- [WORK REQUIRED]
Please reproduce the data exactly and omit the pictures.
COLLECTED DATA START
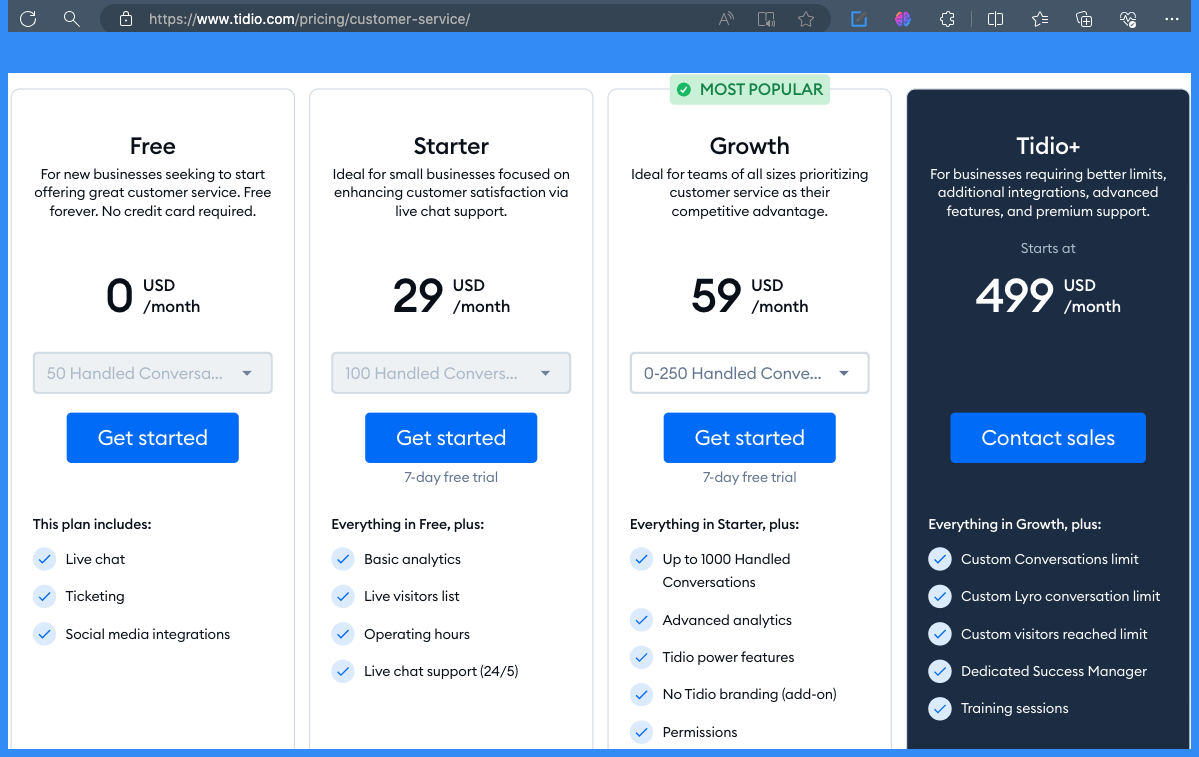 Tidio chatbot builder pricing page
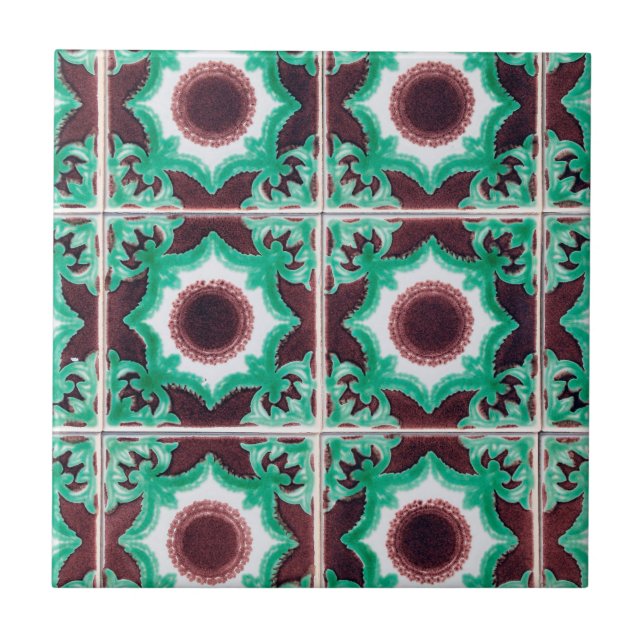 Vintage Green & Brown Portuguese  Ceramic Tile (Front)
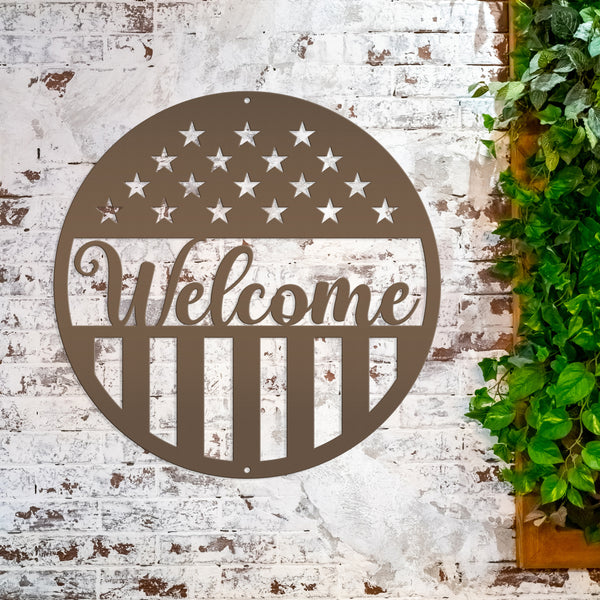 American Flag Welcome Metal Sign - Patriotic Sign-Door Hanger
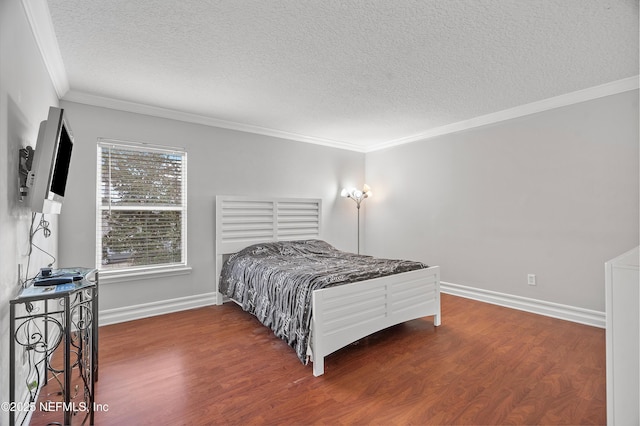 1387 Dunns Lake Dr, Jacksonville, FL 32218 - bedroom with dark hardwood / wood-style flooring, ornamental molding, and a textured ceiling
COLLECTED DATA END
- [WRITTEN SOLUTION]
 Tidio chatbot builder pricing page
 Vintage Green & Brown Portuguese  Ceramic Tile (Front)
 American Flag Welcome Metal Sign - Patriotic Sign-Door Hanger
 1387 Dunns Lake Dr, Jacksonville, FL 32218 - bedroom with dark hardwood / wood-style flooring, ornamental molding, and a textured ceiling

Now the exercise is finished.